• **TASK DATA**:
★ ★ ★ ★
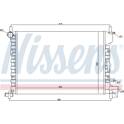 Radiateur moteur NISSENS - 695819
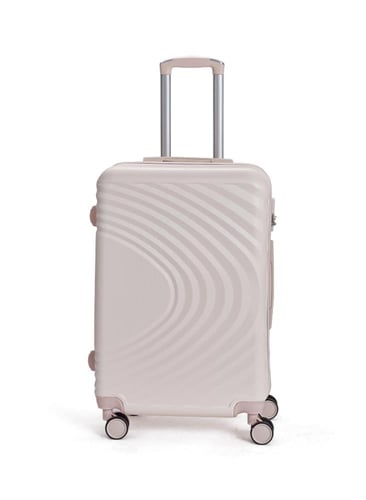 طقم شنط سفر مكون من 5 حقائب لون بيج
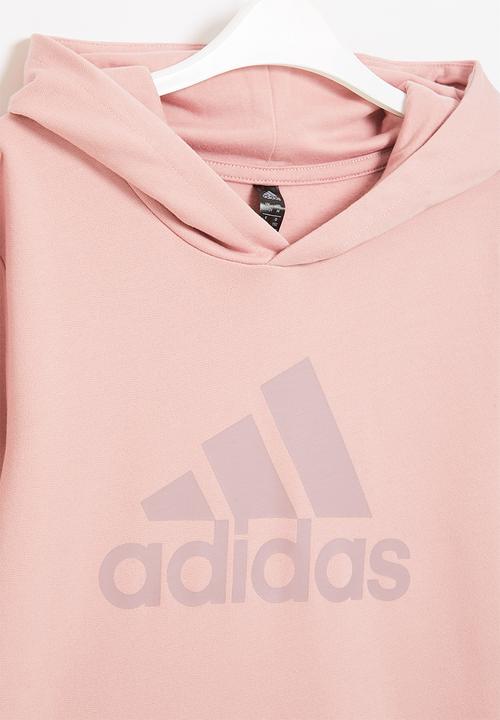 adidas Originals - G bl ft hoodie - wonder mauve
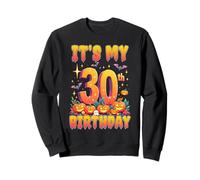 It's My 30th Birthday Party 30 Year Old Halloween Pumpkin Sweatshirt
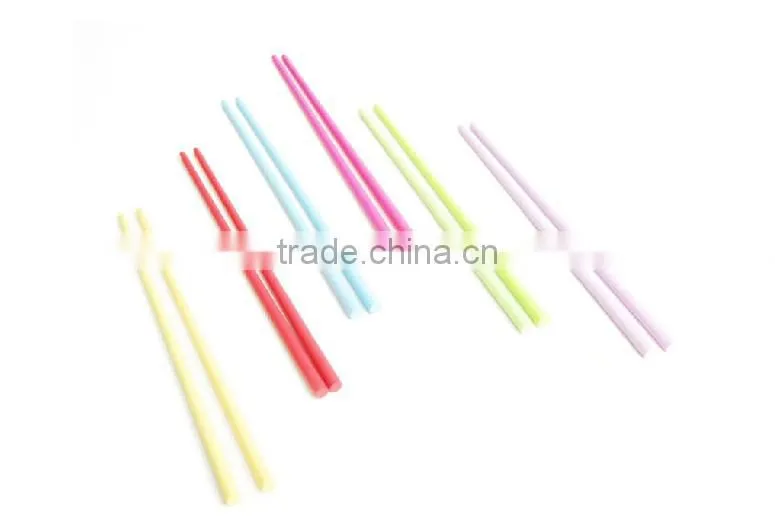 Cartoon Colorful Silicone Chopstick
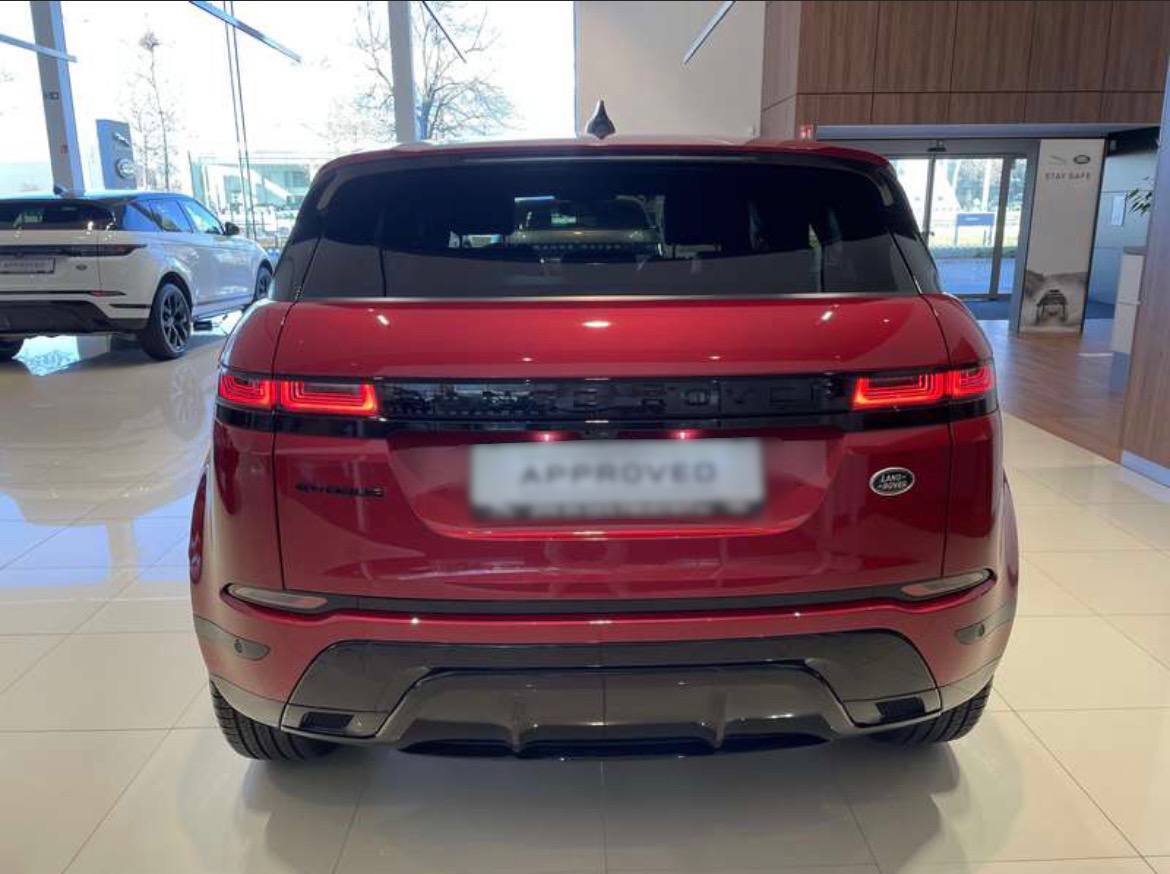 Land Rover Range Rover Evoque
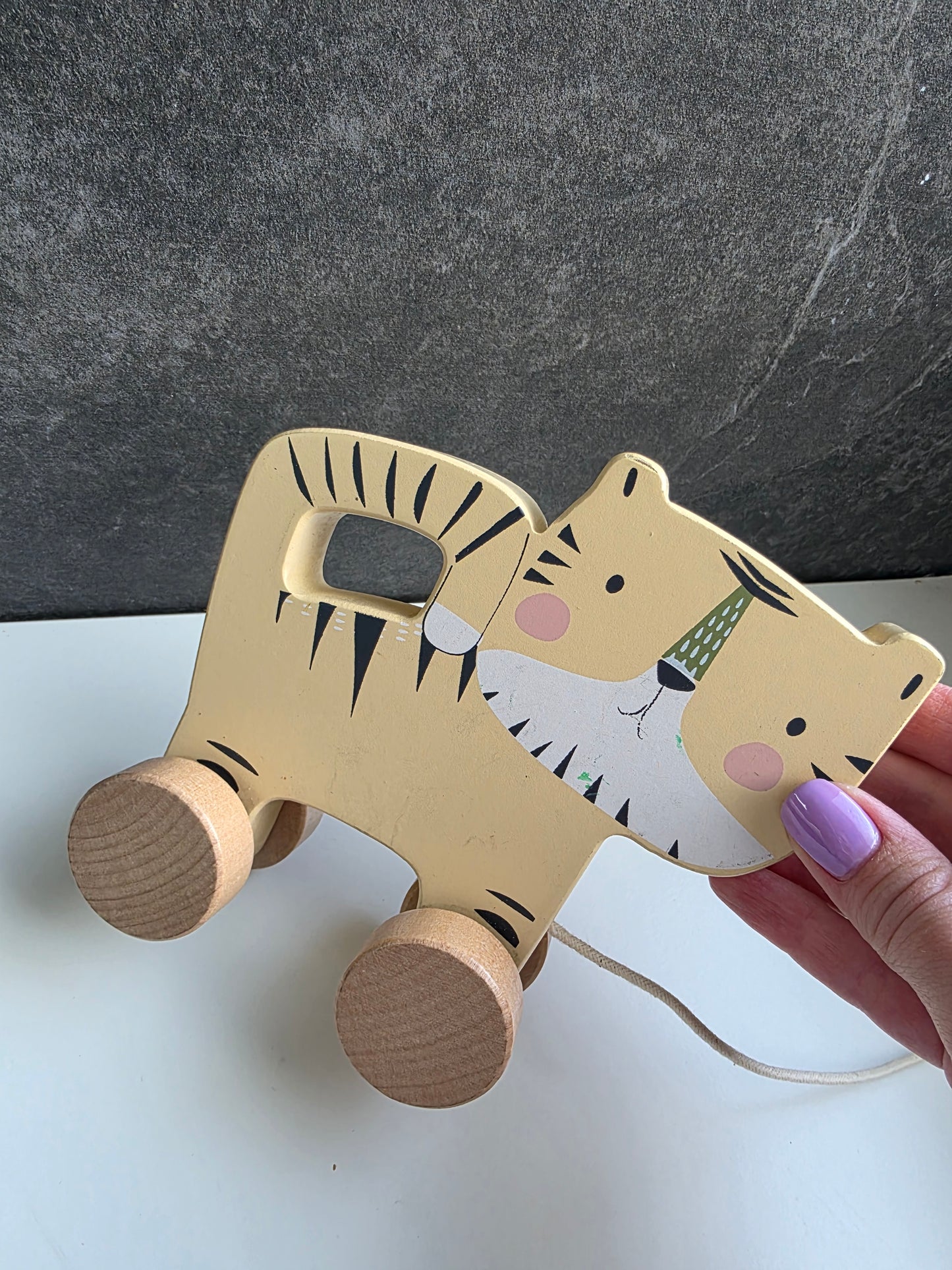 Little dutch trekfiguur tijger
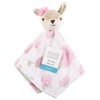 Hudson Baby Unisex Baby Security Blanket, Fawn, One Size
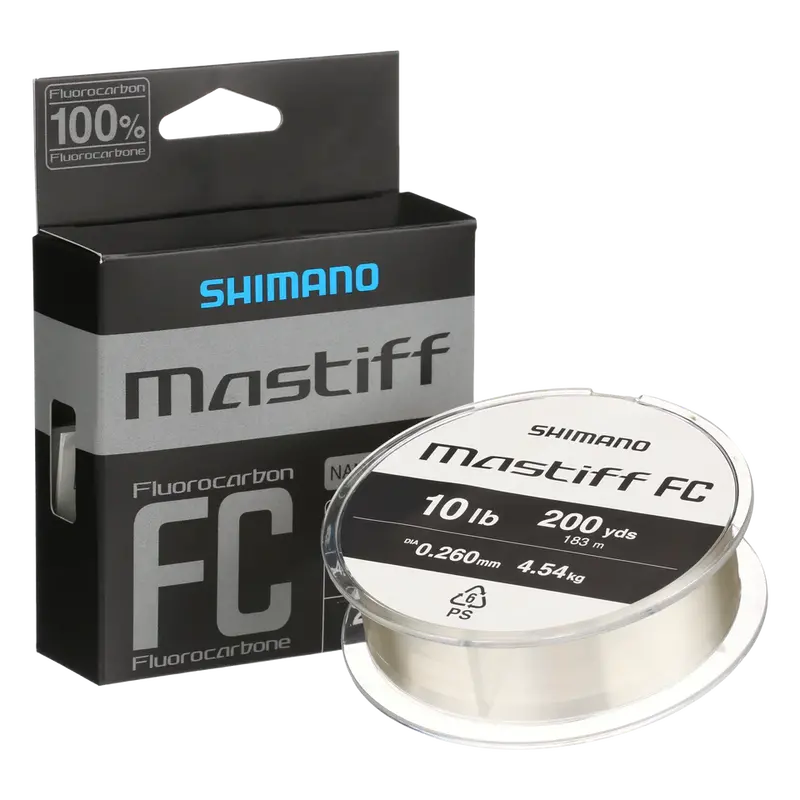 Shimano Mastiff Fluorocarbon Fishing Line 1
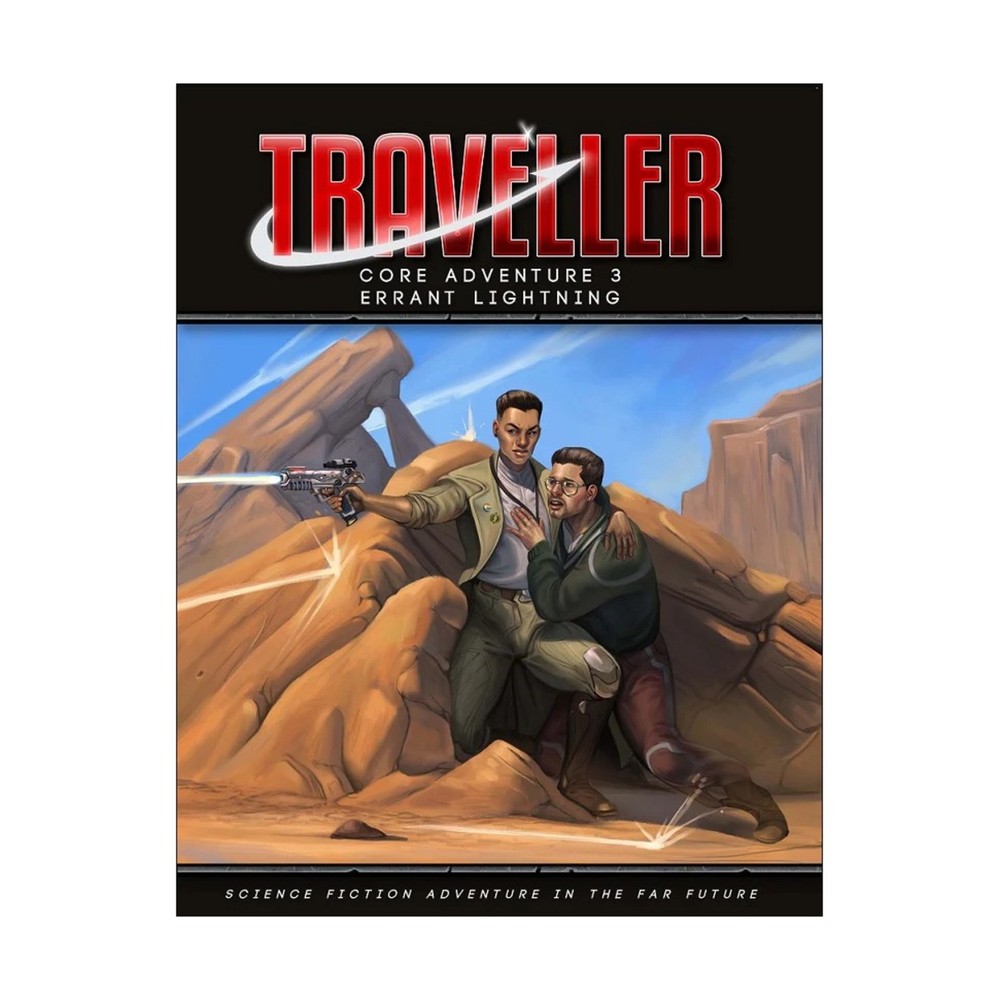 Mongoose Traveller Errant Lightning New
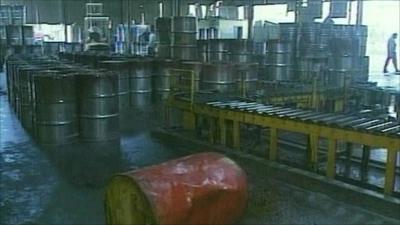 Oil barrel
★ ★ ★ ★
• **ACTIVITY**: Please restate, word for word, the lines from the one with "Mongoose Traveller Errant Lightning New" through the final line of the material, both included, and omit the pictures.

• **ANSWER BOX**:
 Mongoose Traveller Errant Lightning New
 Oil barrel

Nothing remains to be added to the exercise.